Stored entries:
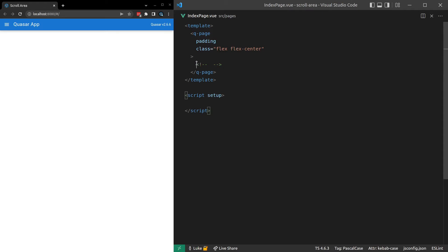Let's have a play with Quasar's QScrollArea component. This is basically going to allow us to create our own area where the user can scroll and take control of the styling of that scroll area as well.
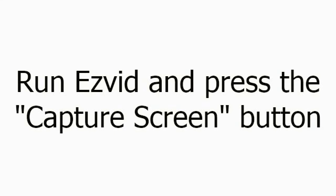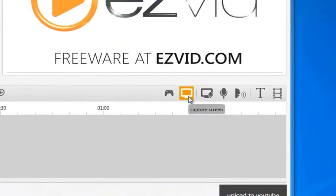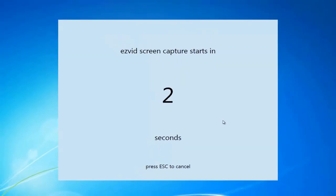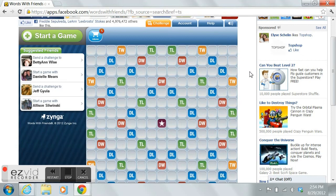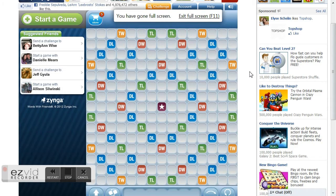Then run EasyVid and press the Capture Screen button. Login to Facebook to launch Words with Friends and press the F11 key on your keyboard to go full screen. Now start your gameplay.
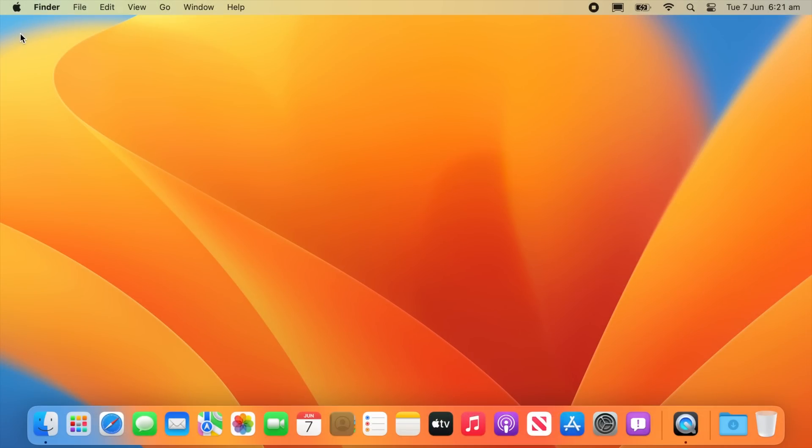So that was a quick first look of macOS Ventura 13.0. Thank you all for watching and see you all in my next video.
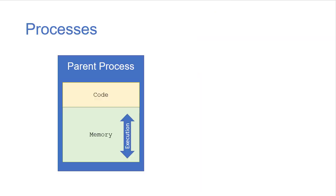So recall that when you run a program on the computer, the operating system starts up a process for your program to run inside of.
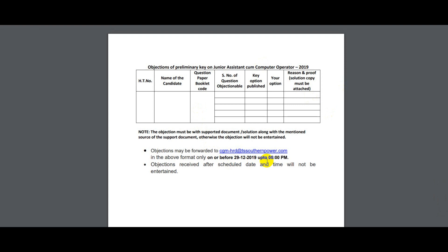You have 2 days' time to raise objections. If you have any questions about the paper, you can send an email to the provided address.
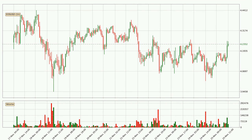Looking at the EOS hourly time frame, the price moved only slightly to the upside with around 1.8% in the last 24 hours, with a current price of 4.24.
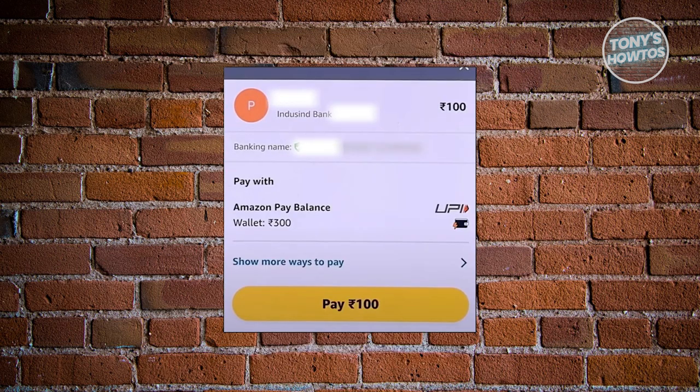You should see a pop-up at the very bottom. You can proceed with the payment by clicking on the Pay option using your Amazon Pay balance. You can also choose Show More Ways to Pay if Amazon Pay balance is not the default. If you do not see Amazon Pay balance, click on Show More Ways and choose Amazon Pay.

==

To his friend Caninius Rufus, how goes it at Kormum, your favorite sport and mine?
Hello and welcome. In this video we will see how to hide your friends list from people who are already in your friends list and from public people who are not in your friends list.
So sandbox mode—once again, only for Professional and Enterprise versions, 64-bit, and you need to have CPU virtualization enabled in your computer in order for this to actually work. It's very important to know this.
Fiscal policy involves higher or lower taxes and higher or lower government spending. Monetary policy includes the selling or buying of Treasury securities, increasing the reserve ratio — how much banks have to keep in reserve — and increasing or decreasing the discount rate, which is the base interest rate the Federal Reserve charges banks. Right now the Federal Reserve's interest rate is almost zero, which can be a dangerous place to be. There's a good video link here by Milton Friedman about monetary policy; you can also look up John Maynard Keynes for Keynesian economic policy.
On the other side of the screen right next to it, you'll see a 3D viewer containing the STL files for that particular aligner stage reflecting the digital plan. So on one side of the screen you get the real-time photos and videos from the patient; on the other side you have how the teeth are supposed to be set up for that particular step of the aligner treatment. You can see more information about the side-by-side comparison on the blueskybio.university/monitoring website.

#### [Task brief]
Which lines above run from the one containing "So sandbox mode—once" down to the one containing "Fiscal policy involves"? Repeat exactly those, both ends included, and nothing else.

#### [Solution below]
So sandbox mode—once again, only for Professional and Enterprise versions, 64-bit, and you need to have CPU virtualization enabled in your computer in order for this to actually work. It's very important to know this.
Fiscal policy involves higher or lower taxes and higher or lower government spending. Monetary policy includes the selling or buying of Treasury securities, increasing the reserve ratio — how much banks have to keep in reserve — and increasing or decreasing the discount rate, which is the base interest rate the Federal Reserve charges banks. Right now the Federal Reserve's interest rate is almost zero, which can be a dangerous place to be. There's a good video link here by Milton Friedman about monetary policy; you can also look up John Maynard Keynes for Keynesian economic policy.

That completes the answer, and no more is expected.